• SOURCE MATERIAL
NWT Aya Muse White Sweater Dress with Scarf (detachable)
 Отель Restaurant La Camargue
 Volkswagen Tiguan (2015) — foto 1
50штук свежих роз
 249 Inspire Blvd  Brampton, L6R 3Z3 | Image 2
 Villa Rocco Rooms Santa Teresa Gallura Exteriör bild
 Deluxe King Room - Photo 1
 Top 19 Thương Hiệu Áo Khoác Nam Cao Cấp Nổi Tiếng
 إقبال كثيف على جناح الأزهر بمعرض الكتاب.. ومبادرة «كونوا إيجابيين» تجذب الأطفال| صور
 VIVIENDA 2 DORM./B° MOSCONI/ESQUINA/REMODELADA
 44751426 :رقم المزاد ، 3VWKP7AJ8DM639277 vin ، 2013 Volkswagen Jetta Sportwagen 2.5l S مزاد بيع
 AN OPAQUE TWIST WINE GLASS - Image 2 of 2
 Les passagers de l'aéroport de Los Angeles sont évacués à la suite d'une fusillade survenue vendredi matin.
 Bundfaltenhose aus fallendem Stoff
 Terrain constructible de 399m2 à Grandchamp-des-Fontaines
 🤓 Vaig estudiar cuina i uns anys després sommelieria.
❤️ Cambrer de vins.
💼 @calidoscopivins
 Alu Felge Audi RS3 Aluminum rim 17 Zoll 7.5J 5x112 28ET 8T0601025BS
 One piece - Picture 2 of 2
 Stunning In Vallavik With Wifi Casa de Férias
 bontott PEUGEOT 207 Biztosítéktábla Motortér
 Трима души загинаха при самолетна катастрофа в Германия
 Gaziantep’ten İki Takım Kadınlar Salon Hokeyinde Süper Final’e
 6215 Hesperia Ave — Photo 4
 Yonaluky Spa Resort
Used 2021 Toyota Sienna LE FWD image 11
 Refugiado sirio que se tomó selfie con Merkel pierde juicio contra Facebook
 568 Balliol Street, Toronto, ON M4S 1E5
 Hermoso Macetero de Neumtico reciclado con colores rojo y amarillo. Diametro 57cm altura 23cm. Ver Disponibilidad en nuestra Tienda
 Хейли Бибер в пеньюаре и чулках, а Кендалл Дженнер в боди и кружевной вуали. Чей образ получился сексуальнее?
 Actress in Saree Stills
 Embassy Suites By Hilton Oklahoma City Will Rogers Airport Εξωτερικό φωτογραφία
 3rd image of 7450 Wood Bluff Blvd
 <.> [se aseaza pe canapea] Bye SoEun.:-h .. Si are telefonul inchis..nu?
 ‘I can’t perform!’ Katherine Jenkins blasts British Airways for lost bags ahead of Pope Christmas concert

• WORK ORDER
The reply is to be an exact repeat of the records above.

• TASK RESULT
NWT Aya Muse White Sweater Dress with Scarf (detachable)
 Отель Restaurant La Camargue
 Volkswagen Tiguan (2015) — foto 1
50штук свежих роз
 249 Inspire Blvd  Brampton, L6R 3Z3 | Image 2
 Villa Rocco Rooms Santa Teresa Gallura Exteriör bild
 Deluxe King Room - Photo 1
 Top 19 Thương Hiệu Áo Khoác Nam Cao Cấp Nổi Tiếng
 إقبال كثيف على جناح الأزهر بمعرض الكتاب.. ومبادرة «كونوا إيجابيين» تجذب الأطفال| صور
 VIVIENDA 2 DORM./B° MOSCONI/ESQUINA/REMODELADA
 44751426 :رقم المزاد ، 3VWKP7AJ8DM639277 vin ، 2013 Volkswagen Jetta Sportwagen 2.5l S مزاد بيع
 AN OPAQUE TWIST WINE GLASS - Image 2 of 2
 Les passagers de l'aéroport de Los Angeles sont évacués à la suite d'une fusillade survenue vendredi matin.
 Bundfaltenhose aus fallendem Stoff
 Terrain constructible de 399m2 à Grandchamp-des-Fontaines
 🤓 Vaig estudiar cuina i uns anys després sommelieria.
❤️ Cambrer de vins.
💼 @calidoscopivins
 Alu Felge Audi RS3 Aluminum rim 17 Zoll 7.5J 5x112 28ET 8T0601025BS
 One piece - Picture 2 of 2
 Stunning In Vallavik With Wifi Casa de Férias
 bontott PEUGEOT 207 Biztosítéktábla Motortér
 Трима души загинаха при самолетна катастрофа в Германия
 Gaziantep’ten İki Takım Kadınlar Salon Hokeyinde Süper Final’e
 6215 Hesperia Ave — Photo 4
 Yonaluky Spa Resort
Used 2021 Toyota Sienna LE FWD image 11
 Refugiado sirio que se tomó selfie con Merkel pierde juicio contra Facebook
 568 Balliol Street, Toronto, ON M4S 1E5
 Hermoso Macetero de Neumtico reciclado con colores rojo y amarillo. Diametro 57cm altura 23cm. Ver Disponibilidad en nuestra Tienda
 Хейли Бибер в пеньюаре и чулках, а Кендалл Дженнер в боди и кружевной вуали. Чей образ получился сексуальнее?
 Actress in Saree Stills
 Embassy Suites By Hilton Oklahoma City Will Rogers Airport Εξωτερικό φωτογραφία
 3rd image of 7450 Wood Bluff Blvd
 <.> [se aseaza pe canapea] Bye SoEun.:-h .. Si are telefonul inchis..nu?
 ‘I can’t perform!’ Katherine Jenkins blasts British Airways for lost bags ahead of Pope Christmas concert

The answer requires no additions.